Top of THE DATA

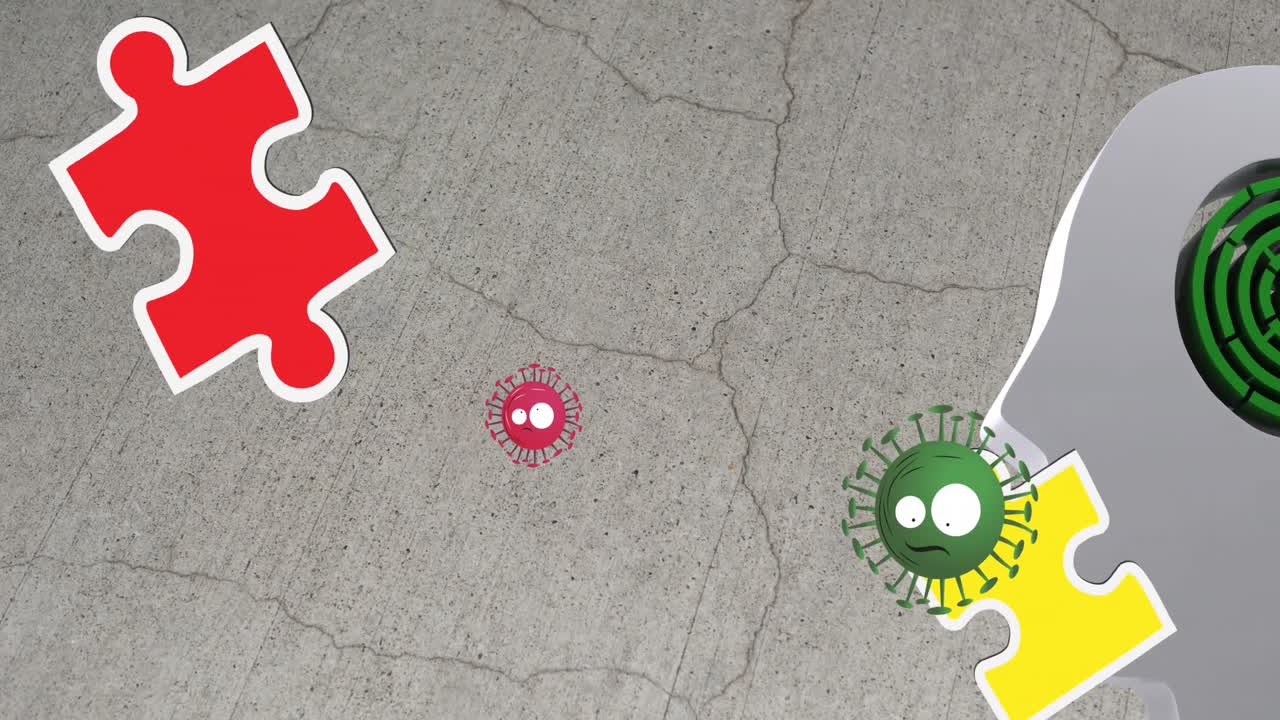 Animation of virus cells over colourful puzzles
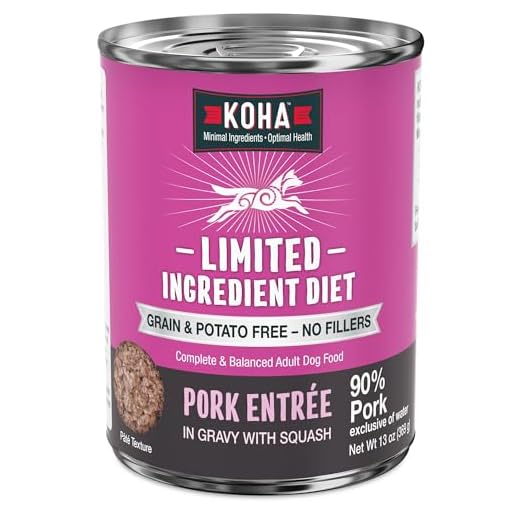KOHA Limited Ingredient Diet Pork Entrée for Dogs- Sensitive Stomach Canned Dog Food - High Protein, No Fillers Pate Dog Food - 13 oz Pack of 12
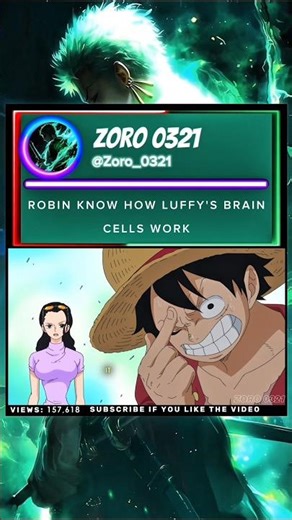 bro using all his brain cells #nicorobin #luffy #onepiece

Bottom of THE DATA

▶ _YOUR TASK_
Using the listing above, copy every line from the line containing "KOHA Limited Ingredient" through the last one, both included, and no other lines. Pictures stay out.

▶ _TASK RESPONSE_
KOHA Limited Ingredient Diet Pork Entrée for Dogs- Sensitive Stomach Canned Dog Food - High Protein, No Fillers Pate Dog Food - 13 oz Pack of 12
 bro using all his brain cells #nicorobin #luffy #onepiece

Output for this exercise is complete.